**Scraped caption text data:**
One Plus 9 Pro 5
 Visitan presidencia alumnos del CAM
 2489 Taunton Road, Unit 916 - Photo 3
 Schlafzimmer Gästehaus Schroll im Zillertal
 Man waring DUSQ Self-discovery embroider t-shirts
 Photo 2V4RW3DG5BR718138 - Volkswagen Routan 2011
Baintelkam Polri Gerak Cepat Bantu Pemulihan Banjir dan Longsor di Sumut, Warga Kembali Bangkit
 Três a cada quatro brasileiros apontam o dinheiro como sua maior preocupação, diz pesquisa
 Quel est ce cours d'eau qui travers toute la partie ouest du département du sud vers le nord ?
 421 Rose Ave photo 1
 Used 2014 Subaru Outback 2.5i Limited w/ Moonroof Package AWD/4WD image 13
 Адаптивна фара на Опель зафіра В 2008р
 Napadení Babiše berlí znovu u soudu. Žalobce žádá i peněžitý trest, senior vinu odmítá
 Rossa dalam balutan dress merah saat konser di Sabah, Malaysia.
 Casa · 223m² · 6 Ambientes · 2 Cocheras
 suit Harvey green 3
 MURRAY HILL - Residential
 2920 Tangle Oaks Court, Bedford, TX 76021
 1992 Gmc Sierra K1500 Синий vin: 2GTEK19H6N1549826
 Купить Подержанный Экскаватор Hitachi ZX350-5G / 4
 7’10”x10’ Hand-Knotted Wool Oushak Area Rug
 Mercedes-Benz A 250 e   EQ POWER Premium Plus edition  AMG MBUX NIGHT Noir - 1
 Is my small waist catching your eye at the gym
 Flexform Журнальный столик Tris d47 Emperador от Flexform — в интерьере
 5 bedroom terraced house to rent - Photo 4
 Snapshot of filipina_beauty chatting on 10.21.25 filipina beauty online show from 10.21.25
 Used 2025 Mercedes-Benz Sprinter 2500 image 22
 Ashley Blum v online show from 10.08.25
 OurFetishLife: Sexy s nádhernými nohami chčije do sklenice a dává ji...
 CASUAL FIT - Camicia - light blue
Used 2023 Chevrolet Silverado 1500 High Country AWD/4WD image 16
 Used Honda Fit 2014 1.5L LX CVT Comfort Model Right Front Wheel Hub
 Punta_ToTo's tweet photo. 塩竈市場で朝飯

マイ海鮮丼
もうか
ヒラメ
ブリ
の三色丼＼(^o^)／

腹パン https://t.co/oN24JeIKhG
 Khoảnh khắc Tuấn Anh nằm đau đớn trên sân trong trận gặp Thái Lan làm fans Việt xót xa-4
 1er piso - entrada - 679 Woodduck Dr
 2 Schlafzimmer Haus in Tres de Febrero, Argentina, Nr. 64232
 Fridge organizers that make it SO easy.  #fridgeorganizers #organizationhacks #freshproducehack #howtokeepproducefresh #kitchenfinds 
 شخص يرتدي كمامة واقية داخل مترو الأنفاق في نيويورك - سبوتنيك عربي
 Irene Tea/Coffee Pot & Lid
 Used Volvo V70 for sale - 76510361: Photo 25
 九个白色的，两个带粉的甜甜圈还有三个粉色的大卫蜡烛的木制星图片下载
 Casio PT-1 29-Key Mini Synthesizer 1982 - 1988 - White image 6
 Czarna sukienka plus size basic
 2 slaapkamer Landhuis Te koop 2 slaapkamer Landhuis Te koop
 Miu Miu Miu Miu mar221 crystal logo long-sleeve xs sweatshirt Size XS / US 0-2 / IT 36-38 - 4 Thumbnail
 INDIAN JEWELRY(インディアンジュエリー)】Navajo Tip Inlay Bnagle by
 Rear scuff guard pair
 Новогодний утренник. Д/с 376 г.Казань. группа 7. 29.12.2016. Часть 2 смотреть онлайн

**Your assignment:**
Will you return exactly the lines above from the one with "Oushak Area Rug" down to the one with "の三色丼＼(^o^)／", counting both as part of the range?

**Exercise solution:**
 7’10”x10’ Hand-Knotted Wool Oushak Area Rug
 Mercedes-Benz A 250 e   EQ POWER Premium Plus edition  AMG MBUX NIGHT Noir - 1
 Is my small waist catching your eye at the gym
 Flexform Журнальный столик Tris d47 Emperador от Flexform — в интерьере
 5 bedroom terraced house to rent - Photo 4
 Snapshot of filipina_beauty chatting on 10.21.25 filipina beauty online show from 10.21.25
 Used 2025 Mercedes-Benz Sprinter 2500 image 22
 Ashley Blum v online show from 10.08.25
 OurFetishLife: Sexy s nádhernými nohami chčije do sklenice a dává ji...
 CASUAL FIT - Camicia - light blue
Used 2023 Chevrolet Silverado 1500 High Country AWD/4WD image 16
 Used Honda Fit 2014 1.5L LX CVT Comfort Model Right Front Wheel Hub
 Punta_ToTo's tweet photo. 塩竈市場で朝飯

マイ海鮮丼
もうか
ヒラメ
ブリ
の三色丼＼(^o^)／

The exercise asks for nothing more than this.